DroneShield Aktie: Militär-Admiral verstärkt Aufsichtsrat
DroneShield erhält 23,2 Millionen australische Dollar aus Europa, erweitert den Aufsichtsrat und meldet trotz Kursverlusten solide operative Kennzahlen.

Kurz zusammengefasst
- Militärexperte Lee Goddard verstärkt Aufsichtsrat
- Europa-Vertrag über 23,2 Millionen AUD
- Gesicherter Umsatz erreicht 240,4 Millionen AUD
- Aktie verliert binnen 30 Tagen 23 Prozent
Während die DroneShield-Aktie seit den Halbjahreszahlen vor einer Woche kaum vom Fleck kommt, rücken zwei Personalie und ein Auftrag in den Blick, die im Trubel um Insiderverkäufe und Verlustzahlen zuletzt untergingen: Der Hersteller von Anti-Drohnen-Technologie hat seinen Aufsichtsrat verstärkt und einen zweistelligen Millionenauftrag aus Europa eingesammelt.
Neuer Non-Executive Director mit Militärhintergrund
Zum 1. Juli ist Rear Admiral Lee Goddard CSC als unabhängiges nicht geschäftsführendes Vorstandsmitglied bei DroneShield eingetreten. Die Personalie fällt in eine Phase, in der das Unternehmen nach eigenen Angaben stärker auf Transparenz gegenüber dem Markt setzt, um institutionelle Investoren zu gewinnen – eine Reaktion, die auch mit Blick auf den heftigen Kursrutsch nach den Insiderverkäufen der Führungsebene vor über einem Monat zu verstehen ist. Seither hat das Papier gut die Hälfte an Wert verloren.
Auftrag aus Europa und neue Detektionstechnologie
Ende Juli sicherte sich DroneShield über den Vertriebspartner COBBS BELUX BV einen Vertrag mit einem europäischen Militärkunden im Volumen von 23,2 Millionen australischen Dollar.
Der Auftrag reiht sich ein in eine Serie von Vertragsabschlüssen, die zum gemeldeten gesicherten Umsatz von 240,4 Millionen australischen Dollar beigetragen haben – ein Wert, den das Unternehmen bereits Ende August kommuniziert hatte.

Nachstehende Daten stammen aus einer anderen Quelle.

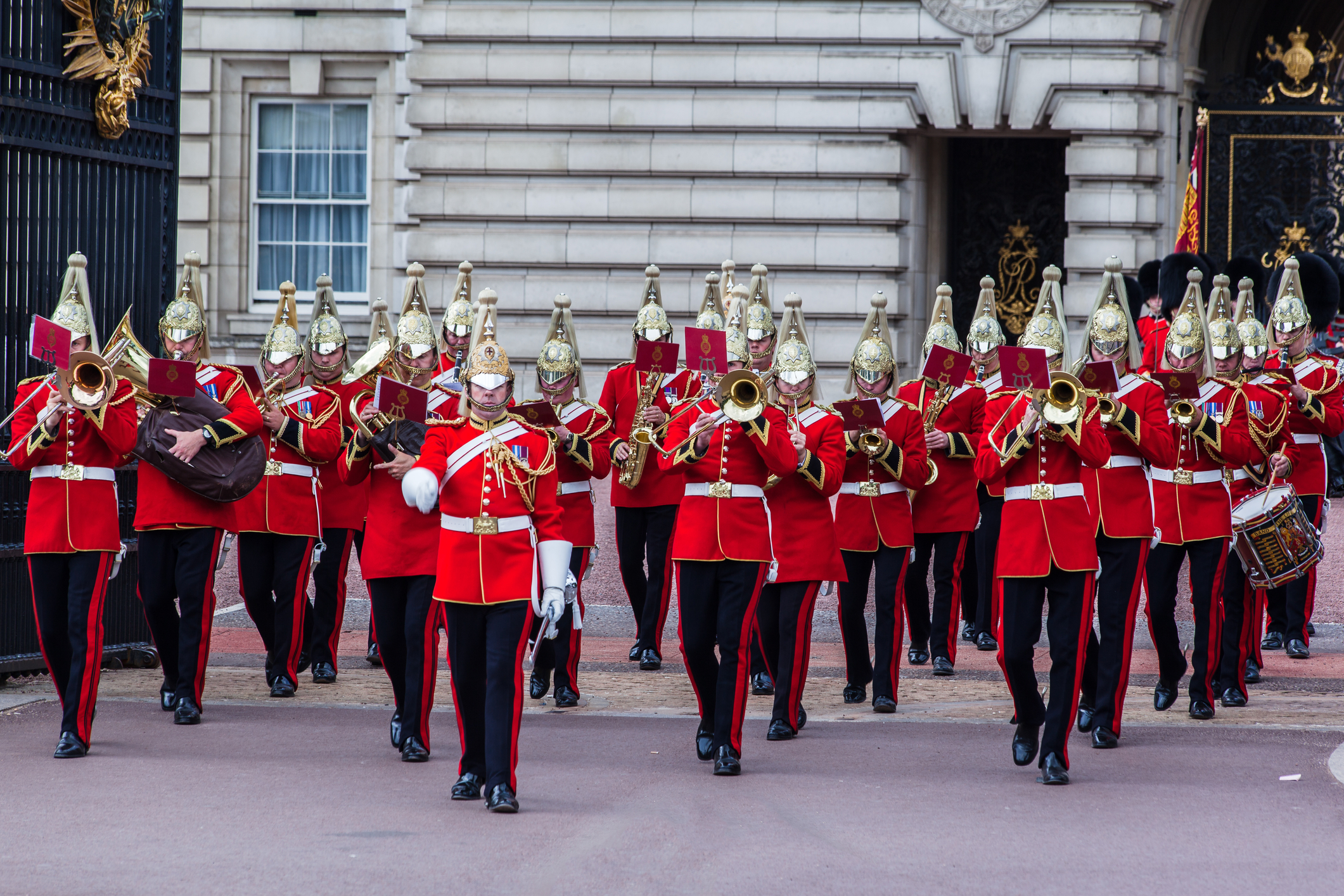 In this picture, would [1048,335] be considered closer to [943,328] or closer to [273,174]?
[943,328]

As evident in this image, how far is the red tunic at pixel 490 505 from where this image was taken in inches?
256

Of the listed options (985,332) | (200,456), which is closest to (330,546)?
(200,456)

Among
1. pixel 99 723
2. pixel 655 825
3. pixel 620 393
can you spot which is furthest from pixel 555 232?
pixel 655 825

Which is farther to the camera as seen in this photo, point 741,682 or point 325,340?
point 325,340

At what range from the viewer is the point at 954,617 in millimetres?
9703

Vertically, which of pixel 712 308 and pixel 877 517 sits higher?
pixel 712 308

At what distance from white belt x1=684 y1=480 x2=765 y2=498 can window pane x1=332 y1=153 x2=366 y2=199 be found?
11589 mm

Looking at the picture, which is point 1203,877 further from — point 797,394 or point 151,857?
point 151,857

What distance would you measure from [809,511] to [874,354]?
1.42 m

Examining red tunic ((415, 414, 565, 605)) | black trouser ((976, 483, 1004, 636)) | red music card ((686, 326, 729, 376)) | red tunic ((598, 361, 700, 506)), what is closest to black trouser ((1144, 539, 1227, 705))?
black trouser ((976, 483, 1004, 636))

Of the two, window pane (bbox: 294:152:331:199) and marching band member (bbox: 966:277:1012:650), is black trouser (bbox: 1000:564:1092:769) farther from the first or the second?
window pane (bbox: 294:152:331:199)

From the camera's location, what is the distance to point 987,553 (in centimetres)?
1011

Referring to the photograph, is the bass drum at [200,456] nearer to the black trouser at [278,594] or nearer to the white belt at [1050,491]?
the black trouser at [278,594]

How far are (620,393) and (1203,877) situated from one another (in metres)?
5.02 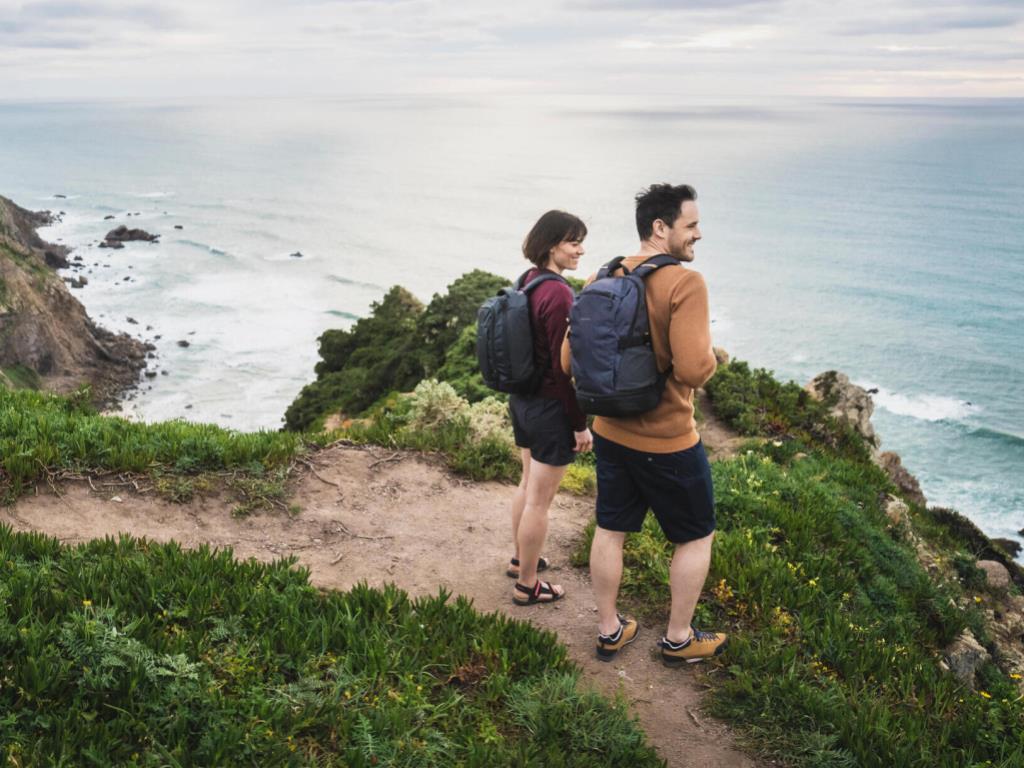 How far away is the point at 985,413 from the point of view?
43.8 meters

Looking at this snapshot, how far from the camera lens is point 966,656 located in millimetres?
6418

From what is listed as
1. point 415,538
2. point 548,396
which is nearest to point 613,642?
point 548,396

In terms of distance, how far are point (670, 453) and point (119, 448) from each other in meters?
4.96

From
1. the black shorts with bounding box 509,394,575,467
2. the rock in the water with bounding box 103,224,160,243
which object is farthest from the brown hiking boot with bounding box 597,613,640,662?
the rock in the water with bounding box 103,224,160,243

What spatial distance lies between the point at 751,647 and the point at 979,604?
5.42m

Parallel dazu hatte DroneShield im Juli mit RfAI-3 eine neue Generation seiner Radiofrequenz-Erkennungssoftware vorgestellt, die laut Unternehmensangaben auch unbekannte und sich wandelnde Drohnenbedrohungen identifizieren kann.
Die Einführung des dazugehörigen Hardware-Flaggschiffs RfRecon Anfang August liegt inzwischen ebenfalls über einen Monat zurück – seither hat die Aktie rund 28,6 Prozent verloren.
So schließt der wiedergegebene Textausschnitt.